The Volta Regional Minister, Dr Archibald Yao Letsa, expressed satisfaction at the University’s high level of preparedness with the availability of necessary equipment at the laboratory.

He gave the assurance that the Government would supply more PPE to the facility.

The Vice-Chancellor of the University, Professor John Gyapong, was grateful to the Minister and said the medical team was fully prepared and ready to help combat the Coronavirus disease.

Meanwhile, the Director of Public Affairs of UHAS Mrs Maria Gwira, in a statement said the preparedness of the University had increased its visibility as a leading institution in the field of Public Health.

She said on February 28, 2020, the Vice-Chancellor of the University in collaboration with the Acting Chief Executive Officer of Ho Teaching Hospital (HTU), Dr. John Tampouri, assembled a task force that designed a preparedness and response strategy to address the pandemic in UHAS and HTH.

The taskforce, Mrs Gwira pointed out, was chaired by Professor Harry Tagbor, Dean of the School of Medicine, and assigned with the responsibility to sensitize the public in and around the University.

It was also to establish clinical and diagnostic protocols for potential cases in the Ho Municipality.

Mrs Gwira announced that a total of four working groups were formed from the task force and were tasked to tackle clinical issues, laboratory issues, educational campaigns, and advocacy and publicity.

She said the groups have so far developed various strategies, which have been implemented.

Mrs Gwira added that the advocacy and publicity subgroup had also launched a Public Awareness Campaign dubbed, “Say No to Coronavirus in Ho: Know how to protect yourself.”

She said two members of the laboratory subgroup from the School of Basic and Biomedical Sciences and School of Allied Health Sciences also received additional training from the Virology Department, Noguchi Memorial Institute of Medical Research on March 3, 2020, on the protocol and techniques used for diagnosing COVID-19 from clinical specimens.

Mrs Gwira added that the laboratory subgroup has since been putting in structures to enable testing to be conducted in UHAS for health facilities in and around Ho Municipality.

The University, she added, upon request from the Hohoe Government Hospital, made available the clinical trial facilities at its School of Public Health to be used to temporarily quarantine hospital staff who may have come in contact with the two COVID-19 positive patients being treated there.

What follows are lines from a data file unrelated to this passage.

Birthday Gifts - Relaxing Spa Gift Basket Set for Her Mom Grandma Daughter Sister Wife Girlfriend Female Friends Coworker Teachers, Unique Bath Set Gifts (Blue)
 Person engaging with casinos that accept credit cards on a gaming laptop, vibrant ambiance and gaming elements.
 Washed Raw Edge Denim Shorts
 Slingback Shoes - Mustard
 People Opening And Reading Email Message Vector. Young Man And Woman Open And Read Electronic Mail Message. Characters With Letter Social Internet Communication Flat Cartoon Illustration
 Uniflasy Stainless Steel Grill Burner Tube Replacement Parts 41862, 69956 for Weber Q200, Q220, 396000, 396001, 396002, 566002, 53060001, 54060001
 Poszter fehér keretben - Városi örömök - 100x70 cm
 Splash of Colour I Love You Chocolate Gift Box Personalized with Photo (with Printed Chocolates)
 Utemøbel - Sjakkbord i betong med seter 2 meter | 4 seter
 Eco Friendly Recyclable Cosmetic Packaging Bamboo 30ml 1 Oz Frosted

She said Government has recognised those efforts by the University by tasking it with testing suspected samples to diagnose COVID-19, with President Nana Addo Dankwa Akufo-Addo, naming the University as one of the institutions to do testing for COVID-19 in his 7th address on COVID-19 on April 12, 2020.

“UHAS management has assured the UHAS community that the University’s team of scientists are all highly qualified, well-trained, and experienced laboratory scientists who will observe all safety protocols to ensure that UHAS campuses remain safe for day-to-day activities,” she stated.